EXERCISE INSTRUCTIONS: Reproduce, exactly, the lines of the material below from the line containing "London docklands skyline" through the line containing "Conjunto de mesa", with both end lines included and nothing else.

RECORDS TO PROCESS:
______________________________

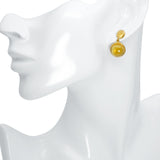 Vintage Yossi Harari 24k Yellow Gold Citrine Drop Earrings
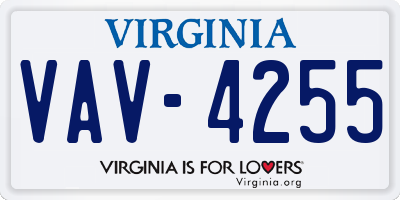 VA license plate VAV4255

______________________________

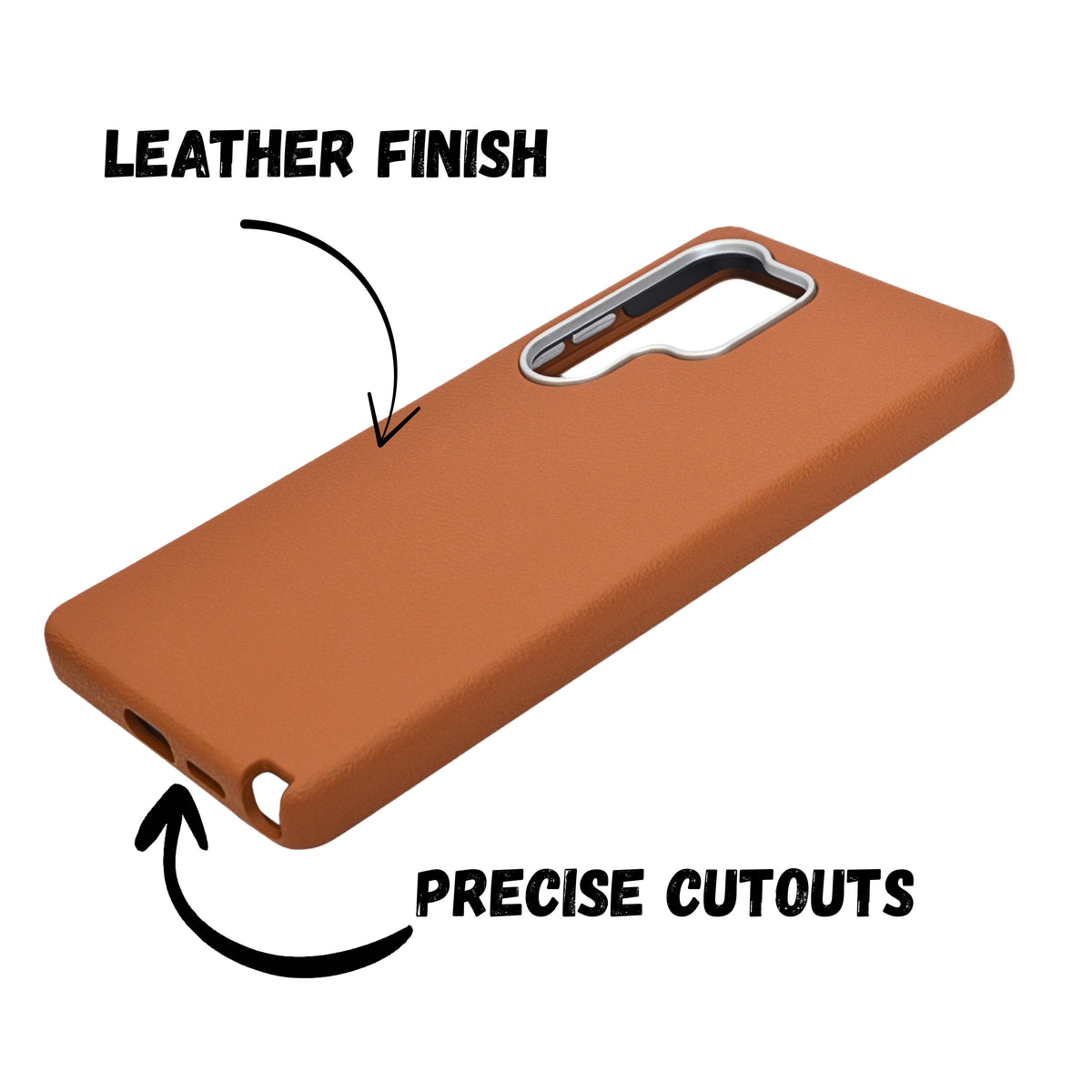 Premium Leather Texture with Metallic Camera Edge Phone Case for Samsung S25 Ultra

______________________________

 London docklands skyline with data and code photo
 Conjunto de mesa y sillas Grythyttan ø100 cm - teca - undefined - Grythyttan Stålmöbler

______________________________

TASK SOLUTION:
 London docklands skyline with data and code photo
 Conjunto de mesa y sillas Grythyttan ø100 cm - teca - undefined - Grythyttan Stålmöbler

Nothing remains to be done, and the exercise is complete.